[Stored items]
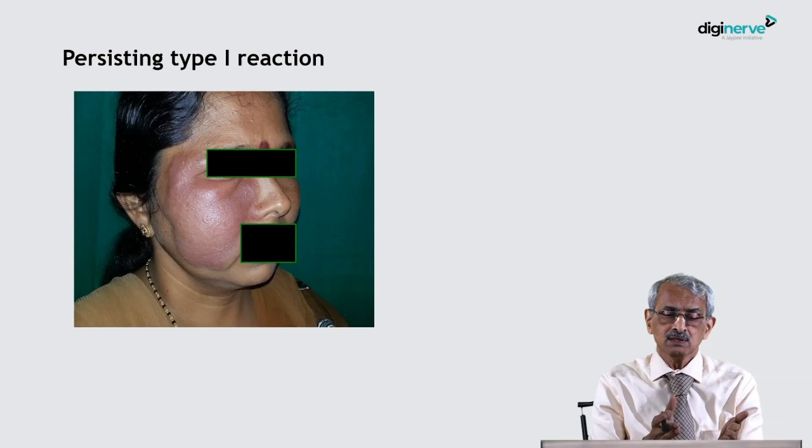The case being shown here is one who was getting a severe Type 1 lepral reaction, mainly in the skin lesions and persisting. As you bring down the prednisolone, the reaction reappears. The handling of such patients has to be done in a proper manner.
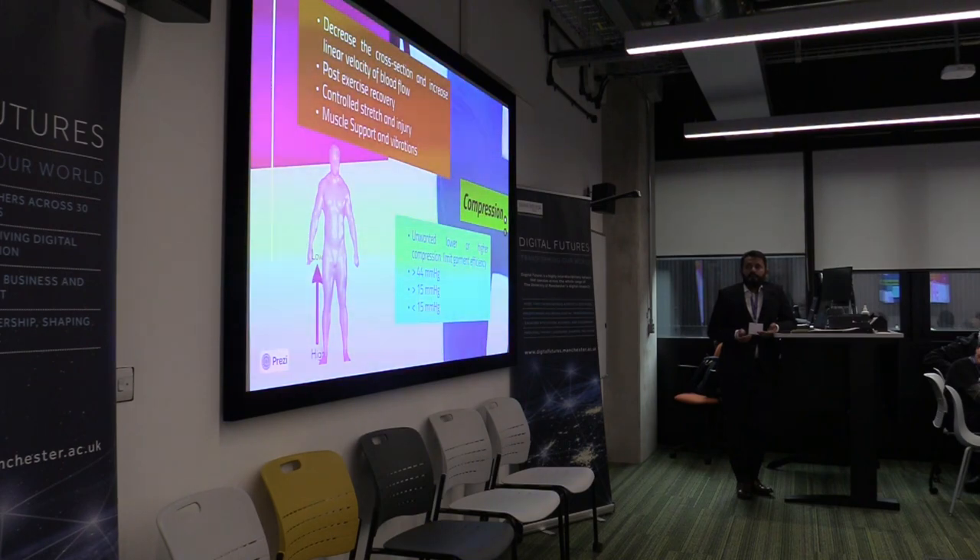There are different categories of compression. If the compression applied by a compression garment is higher than 44 mmHg, it will always be uncomfortable for all wearers, whether they are patients or athletes. For medical categories, the wearable compression is between 15 to 45 mmHg. For sports categories, it is below 15 mmHg, and above 15 mmHg it needs to be prescribed by a physiotherapist.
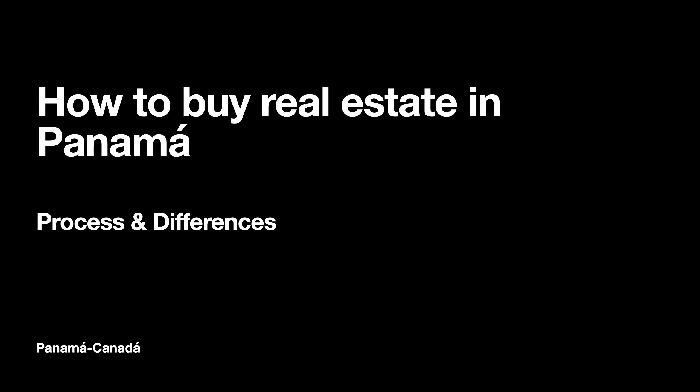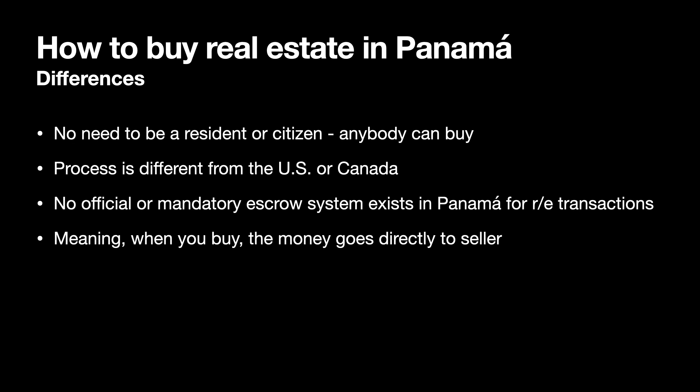We'll go through the topic of how to buy real estate in Panama — the process and the differences compared to North America, Canada, and the United States.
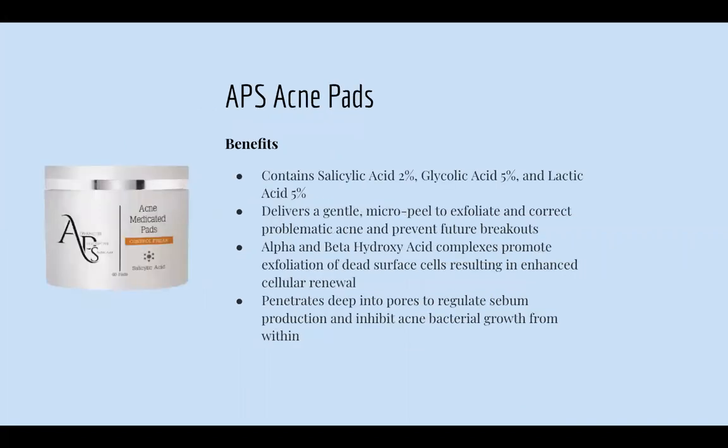Next is our APS Acne Medicated Pads. These contain 2% salicylic acid, 2% glycolic acid, and 5% lactic acid. They deliver a micro peel to exfoliate and correct acne-prone skin and help prevent future breakouts. They promote exfoliation of dead skin cells, enhance cellular renewal, penetrate deep into the pores to regulate sebum production, and inhibit acne bacterial growth from within. A lot of people love using these because it's just a pad you wipe on and then continue with your skincare routine.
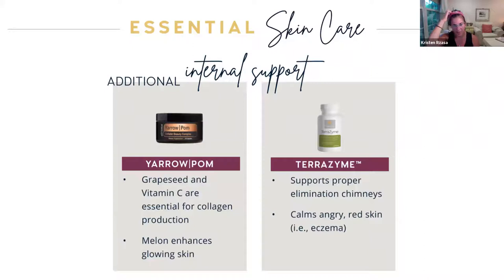For internal support, we can also look at yarrow palm in capsule form — that has grape seed and vitamin C, which is great for your collagen. Collagen creates that elasticity for your skin, and the melon helps for glowing skin. Then of course TerraZyme, which is our digestive enzyme. It helps you eliminate; if your skin is angry, it helps calm it down. Those digestive enzymes are important every day — I try to take one with every meal. It's critical in growth, healing, and reproduction. Your nutrients convert your energy into your cells — it works like Pac-Man, eating up yeast and undigested food and making them more bioavailable.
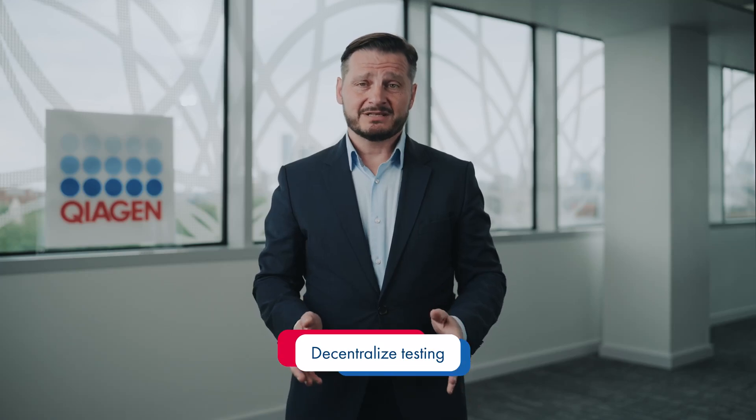This helps to decentralize testing away from diagnostic hubs and closer to patients, reducing time to result and improving lab efficiencies.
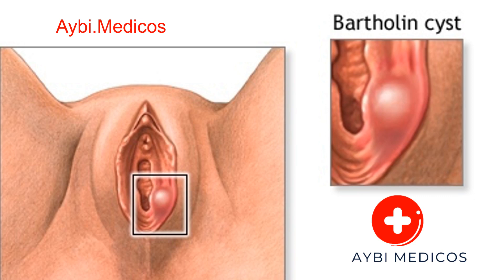Causes of Bartholin cysts. Bartholin cysts develop when the ducts that carry the gland's fluid to the vaginal opening become blocked or obstructed. Several factors can contribute to this blockage, including infection. Bacterial infections, such as those caused by Escherichia coli (E. coli) or sexually transmitted infections (STIs) like gonorrhea or chlamydia, can lead to inflammation and blockage of the ducts.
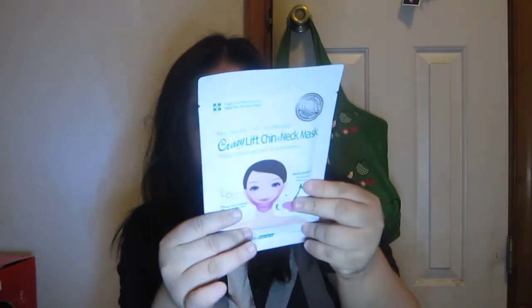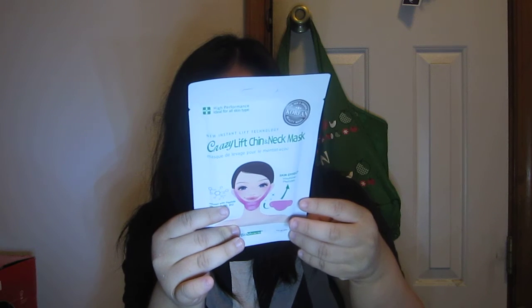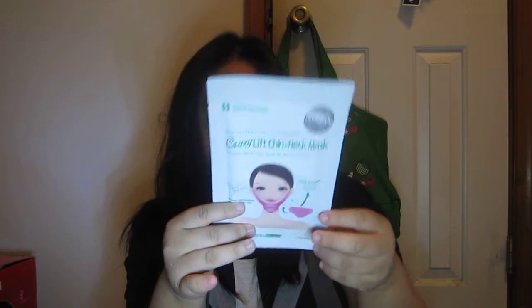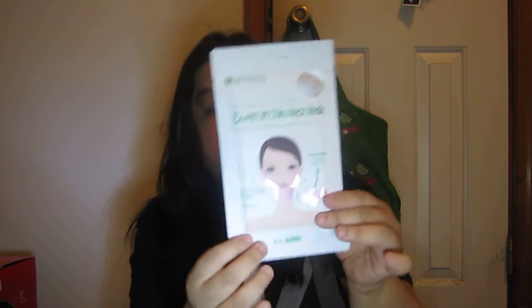Crazy Lift Chin and Neck Mask — New Instant Lift Technology, infused with peptide, vitamin E, B6, B12, and biotin. No paraben. And this is from India — well, made in Korea, but the company is in India. So I saw this was new — this is the new original Korean beauty mask at CVS.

- [Exercise instructions] Return the data verbatim, leaving out the pictures it holds.

- [Output of the task]
The case being shown here is one who was getting a severe Type 1 lepral reaction, mainly in the skin lesions and persisting. As you bring down the prednisolone, the reaction reappears. The handling of such patients has to be done in a proper manner.
There are different categories of compression. If the compression applied by a compression garment is higher than 44 mmHg, it will always be uncomfortable for all wearers, whether they are patients or athletes. For medical categories, the wearable compression is between 15 to 45 mmHg. For sports categories, it is below 15 mmHg, and above 15 mmHg it needs to be prescribed by a physiotherapist.
We'll go through the topic of how to buy real estate in Panama — the process and the differences compared to North America, Canada, and the United States.
Next is our APS Acne Medicated Pads. These contain 2% salicylic acid, 2% glycolic acid, and 5% lactic acid. They deliver a micro peel to exfoliate and correct acne-prone skin and help prevent future breakouts. They promote exfoliation of dead skin cells, enhance cellular renewal, penetrate deep into the pores to regulate sebum production, and inhibit acne bacterial growth from within. A lot of people love using these because it's just a pad you wipe on and then continue with your skincare routine.
For internal support, we can also look at yarrow palm in capsule form — that has grape seed and vitamin C, which is great for your collagen. Collagen creates that elasticity for your skin, and the melon helps for glowing skin. Then of course TerraZyme, which is our digestive enzyme. It helps you eliminate; if your skin is angry, it helps calm it down. Those digestive enzymes are important every day — I try to take one with every meal. It's critical in growth, healing, and reproduction. Your nutrients convert your energy into your cells — it works like Pac-Man, eating up yeast and undigested food and making them more bioavailable.
This helps to decentralize testing away from diagnostic hubs and closer to patients, reducing time to result and improving lab efficiencies.
Causes of Bartholin cysts. Bartholin cysts develop when the ducts that carry the gland's fluid to the vaginal opening become blocked or obstructed. Several factors can contribute to this blockage, including infection. Bacterial infections, such as those caused by Escherichia coli (E. coli) or sexually transmitted infections (STIs) like gonorrhea or chlamydia, can lead to inflammation and blockage of the ducts.
Crazy Lift Chin and Neck Mask — New Instant Lift Technology, infused with peptide, vitamin E, B6, B12, and biotin. No paraben. And this is from India — well, made in Korea, but the company is in India. So I saw this was new — this is the new original Korean beauty mask at CVS.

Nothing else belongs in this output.